Provided records
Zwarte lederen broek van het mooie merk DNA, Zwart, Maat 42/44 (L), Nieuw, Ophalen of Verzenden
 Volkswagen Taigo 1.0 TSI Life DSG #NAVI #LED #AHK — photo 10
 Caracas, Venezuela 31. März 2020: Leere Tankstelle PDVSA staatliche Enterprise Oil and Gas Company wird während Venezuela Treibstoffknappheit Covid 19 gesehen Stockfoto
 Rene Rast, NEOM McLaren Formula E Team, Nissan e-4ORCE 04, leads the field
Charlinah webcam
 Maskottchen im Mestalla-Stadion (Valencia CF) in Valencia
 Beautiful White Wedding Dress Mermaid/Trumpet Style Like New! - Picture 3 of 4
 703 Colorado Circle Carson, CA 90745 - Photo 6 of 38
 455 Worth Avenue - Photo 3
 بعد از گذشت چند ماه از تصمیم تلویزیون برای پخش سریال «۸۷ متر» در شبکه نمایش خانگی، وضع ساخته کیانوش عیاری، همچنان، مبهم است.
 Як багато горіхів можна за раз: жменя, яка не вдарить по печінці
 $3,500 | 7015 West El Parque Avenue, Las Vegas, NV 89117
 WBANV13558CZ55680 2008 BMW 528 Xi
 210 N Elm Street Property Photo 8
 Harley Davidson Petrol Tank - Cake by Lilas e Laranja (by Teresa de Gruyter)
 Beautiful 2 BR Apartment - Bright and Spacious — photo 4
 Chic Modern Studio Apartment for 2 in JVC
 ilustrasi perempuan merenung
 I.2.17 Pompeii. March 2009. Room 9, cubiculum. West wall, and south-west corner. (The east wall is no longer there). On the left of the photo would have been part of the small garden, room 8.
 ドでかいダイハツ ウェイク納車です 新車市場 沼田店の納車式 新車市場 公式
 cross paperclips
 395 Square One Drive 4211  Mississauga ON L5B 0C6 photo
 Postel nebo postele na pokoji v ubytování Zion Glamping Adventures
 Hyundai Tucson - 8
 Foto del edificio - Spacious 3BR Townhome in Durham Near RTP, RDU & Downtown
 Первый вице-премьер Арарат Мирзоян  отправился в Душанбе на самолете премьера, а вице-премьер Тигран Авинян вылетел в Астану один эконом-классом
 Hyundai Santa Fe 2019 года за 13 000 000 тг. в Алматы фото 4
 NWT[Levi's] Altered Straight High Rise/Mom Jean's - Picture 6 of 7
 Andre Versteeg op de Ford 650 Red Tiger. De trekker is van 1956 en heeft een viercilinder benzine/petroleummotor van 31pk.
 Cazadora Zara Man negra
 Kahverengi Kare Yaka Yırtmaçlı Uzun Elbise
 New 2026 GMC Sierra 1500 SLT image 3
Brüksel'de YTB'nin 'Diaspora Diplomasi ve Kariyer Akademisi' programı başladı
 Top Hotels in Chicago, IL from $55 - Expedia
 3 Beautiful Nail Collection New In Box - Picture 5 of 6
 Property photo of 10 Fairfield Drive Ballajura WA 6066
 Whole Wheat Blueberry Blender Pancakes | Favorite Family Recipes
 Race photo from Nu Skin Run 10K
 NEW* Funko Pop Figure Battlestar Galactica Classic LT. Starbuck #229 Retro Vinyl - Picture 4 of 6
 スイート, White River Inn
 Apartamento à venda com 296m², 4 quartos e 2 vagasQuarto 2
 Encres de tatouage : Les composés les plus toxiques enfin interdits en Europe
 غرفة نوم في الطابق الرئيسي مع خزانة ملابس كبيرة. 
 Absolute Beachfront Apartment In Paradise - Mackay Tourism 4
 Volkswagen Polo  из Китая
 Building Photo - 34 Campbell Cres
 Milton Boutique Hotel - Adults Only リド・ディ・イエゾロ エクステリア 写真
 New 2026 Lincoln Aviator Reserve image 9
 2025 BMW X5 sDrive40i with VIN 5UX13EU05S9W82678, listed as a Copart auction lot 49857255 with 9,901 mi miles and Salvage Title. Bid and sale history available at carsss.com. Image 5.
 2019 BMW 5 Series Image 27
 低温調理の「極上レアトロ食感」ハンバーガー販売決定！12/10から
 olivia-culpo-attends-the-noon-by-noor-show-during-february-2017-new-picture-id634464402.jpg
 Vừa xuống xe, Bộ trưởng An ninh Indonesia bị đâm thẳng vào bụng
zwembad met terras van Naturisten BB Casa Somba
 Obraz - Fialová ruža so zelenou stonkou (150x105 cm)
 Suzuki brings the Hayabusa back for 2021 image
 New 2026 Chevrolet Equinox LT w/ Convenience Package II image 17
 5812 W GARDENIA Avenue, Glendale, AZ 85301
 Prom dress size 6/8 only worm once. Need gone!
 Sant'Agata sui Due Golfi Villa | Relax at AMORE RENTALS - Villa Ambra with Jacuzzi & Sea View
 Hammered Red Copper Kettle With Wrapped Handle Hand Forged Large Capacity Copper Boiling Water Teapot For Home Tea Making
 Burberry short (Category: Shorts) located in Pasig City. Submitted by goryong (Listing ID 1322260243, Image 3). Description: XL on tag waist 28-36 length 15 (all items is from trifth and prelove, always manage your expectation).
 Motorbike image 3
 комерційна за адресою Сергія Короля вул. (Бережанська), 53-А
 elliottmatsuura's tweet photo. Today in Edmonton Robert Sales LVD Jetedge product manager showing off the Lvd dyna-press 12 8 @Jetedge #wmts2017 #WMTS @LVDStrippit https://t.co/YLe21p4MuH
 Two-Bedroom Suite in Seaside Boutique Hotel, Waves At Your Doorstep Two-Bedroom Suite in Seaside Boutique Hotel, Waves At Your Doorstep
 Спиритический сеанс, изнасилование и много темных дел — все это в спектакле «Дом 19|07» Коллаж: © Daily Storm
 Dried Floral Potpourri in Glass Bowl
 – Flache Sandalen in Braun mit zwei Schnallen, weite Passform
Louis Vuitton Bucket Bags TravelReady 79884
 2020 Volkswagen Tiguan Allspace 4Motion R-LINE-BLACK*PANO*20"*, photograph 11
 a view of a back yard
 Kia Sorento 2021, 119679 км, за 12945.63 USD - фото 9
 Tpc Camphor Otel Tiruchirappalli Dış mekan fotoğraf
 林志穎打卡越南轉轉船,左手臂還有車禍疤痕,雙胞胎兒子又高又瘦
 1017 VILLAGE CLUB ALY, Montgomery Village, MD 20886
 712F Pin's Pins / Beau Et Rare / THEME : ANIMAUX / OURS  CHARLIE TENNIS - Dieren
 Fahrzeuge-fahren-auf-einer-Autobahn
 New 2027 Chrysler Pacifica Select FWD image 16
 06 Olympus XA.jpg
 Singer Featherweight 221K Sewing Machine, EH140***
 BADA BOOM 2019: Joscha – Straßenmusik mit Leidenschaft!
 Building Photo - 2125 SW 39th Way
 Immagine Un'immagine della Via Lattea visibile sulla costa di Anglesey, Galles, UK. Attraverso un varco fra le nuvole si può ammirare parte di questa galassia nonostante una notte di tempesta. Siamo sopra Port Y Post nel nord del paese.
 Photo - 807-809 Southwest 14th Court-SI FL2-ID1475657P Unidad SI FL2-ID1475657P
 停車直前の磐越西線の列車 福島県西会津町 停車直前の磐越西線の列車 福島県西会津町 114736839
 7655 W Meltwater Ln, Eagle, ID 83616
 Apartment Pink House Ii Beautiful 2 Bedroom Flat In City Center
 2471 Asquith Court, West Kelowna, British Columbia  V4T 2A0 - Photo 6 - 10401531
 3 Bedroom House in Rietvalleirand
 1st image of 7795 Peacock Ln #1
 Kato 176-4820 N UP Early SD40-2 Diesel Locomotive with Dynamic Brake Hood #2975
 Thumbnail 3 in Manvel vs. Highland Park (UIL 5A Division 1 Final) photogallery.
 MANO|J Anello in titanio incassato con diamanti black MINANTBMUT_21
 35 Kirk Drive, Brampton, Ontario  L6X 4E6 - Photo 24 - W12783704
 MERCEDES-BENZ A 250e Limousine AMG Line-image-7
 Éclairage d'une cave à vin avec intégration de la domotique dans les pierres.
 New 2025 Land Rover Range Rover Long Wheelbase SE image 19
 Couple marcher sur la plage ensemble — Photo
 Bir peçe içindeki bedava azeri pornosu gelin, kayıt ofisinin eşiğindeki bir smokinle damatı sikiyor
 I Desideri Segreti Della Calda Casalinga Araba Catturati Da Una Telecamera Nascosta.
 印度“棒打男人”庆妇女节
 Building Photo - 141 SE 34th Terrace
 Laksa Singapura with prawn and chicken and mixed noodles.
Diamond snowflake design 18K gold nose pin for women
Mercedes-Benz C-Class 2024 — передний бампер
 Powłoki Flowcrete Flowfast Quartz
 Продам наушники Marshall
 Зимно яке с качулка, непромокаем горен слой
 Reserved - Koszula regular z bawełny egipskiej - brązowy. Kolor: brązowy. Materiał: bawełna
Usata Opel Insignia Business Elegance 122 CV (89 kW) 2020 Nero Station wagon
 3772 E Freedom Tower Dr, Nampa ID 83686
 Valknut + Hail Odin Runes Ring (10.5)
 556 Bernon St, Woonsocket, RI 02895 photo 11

Work task
In your reply, restate exactly the lines from the start of the records above through the line holding "210 N Elm Street Property Photo 8", including both, and nothing else.

The answer
Zwarte lederen broek van het mooie merk DNA, Zwart, Maat 42/44 (L), Nieuw, Ophalen of Verzenden
 Volkswagen Taigo 1.0 TSI Life DSG #NAVI #LED #AHK — photo 10
 Caracas, Venezuela 31. März 2020: Leere Tankstelle PDVSA staatliche Enterprise Oil and Gas Company wird während Venezuela Treibstoffknappheit Covid 19 gesehen Stockfoto
 Rene Rast, NEOM McLaren Formula E Team, Nissan e-4ORCE 04, leads the field
Charlinah webcam
 Maskottchen im Mestalla-Stadion (Valencia CF) in Valencia
 Beautiful White Wedding Dress Mermaid/Trumpet Style Like New! - Picture 3 of 4
 703 Colorado Circle Carson, CA 90745 - Photo 6 of 38
 455 Worth Avenue - Photo 3
 بعد از گذشت چند ماه از تصمیم تلویزیون برای پخش سریال «۸۷ متر» در شبکه نمایش خانگی، وضع ساخته کیانوش عیاری، همچنان، مبهم است.
 Як багато горіхів можна за раз: жменя, яка не вдарить по печінці
 $3,500 | 7015 West El Parque Avenue, Las Vegas, NV 89117
 WBANV13558CZ55680 2008 BMW 528 Xi
 210 N Elm Street Property Photo 8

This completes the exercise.